## Task to carry out:
Nothing is needed except the lines below that run from the one with "Juicy Couture Dog" through the one with "Sollux SL.1643 - Stolná", repeated exactly.

BEGIN

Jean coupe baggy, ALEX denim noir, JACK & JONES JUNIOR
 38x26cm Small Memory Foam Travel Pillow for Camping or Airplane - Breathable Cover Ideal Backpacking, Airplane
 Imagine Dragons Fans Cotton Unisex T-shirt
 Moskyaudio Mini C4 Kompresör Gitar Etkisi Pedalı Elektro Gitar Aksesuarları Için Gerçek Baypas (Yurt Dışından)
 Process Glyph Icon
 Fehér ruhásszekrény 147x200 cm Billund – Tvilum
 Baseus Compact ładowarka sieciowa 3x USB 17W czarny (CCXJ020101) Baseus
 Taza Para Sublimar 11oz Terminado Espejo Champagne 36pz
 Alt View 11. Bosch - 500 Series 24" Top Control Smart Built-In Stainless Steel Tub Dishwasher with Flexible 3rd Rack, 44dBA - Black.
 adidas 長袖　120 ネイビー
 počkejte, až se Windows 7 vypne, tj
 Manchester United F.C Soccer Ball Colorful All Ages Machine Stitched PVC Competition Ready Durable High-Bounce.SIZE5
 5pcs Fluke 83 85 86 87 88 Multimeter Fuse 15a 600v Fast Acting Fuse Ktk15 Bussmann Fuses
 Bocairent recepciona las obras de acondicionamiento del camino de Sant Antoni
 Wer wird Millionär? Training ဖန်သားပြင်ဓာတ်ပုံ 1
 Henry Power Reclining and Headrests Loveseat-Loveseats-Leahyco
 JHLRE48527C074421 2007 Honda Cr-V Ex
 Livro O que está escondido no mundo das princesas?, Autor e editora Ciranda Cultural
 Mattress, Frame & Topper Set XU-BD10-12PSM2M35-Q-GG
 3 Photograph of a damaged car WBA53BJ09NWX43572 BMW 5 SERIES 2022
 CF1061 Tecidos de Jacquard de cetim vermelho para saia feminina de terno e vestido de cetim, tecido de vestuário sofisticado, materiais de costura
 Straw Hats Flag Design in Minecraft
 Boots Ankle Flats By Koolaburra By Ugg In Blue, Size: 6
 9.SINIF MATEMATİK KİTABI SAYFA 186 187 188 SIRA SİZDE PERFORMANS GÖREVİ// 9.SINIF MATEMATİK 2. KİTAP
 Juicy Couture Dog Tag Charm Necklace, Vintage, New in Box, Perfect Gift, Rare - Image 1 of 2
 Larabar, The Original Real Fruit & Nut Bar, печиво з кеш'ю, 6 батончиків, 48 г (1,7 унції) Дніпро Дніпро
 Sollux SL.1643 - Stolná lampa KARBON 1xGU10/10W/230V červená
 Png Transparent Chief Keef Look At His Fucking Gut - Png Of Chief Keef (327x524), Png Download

END

## Exercise output:
 Juicy Couture Dog Tag Charm Necklace, Vintage, New in Box, Perfect Gift, Rare - Image 1 of 2
 Larabar, The Original Real Fruit & Nut Bar, печиво з кеш'ю, 6 батончиків, 48 г (1,7 унції) Дніпро Дніпро
 Sollux SL.1643 - Stolná lampa KARBON 1xGU10/10W/230V červená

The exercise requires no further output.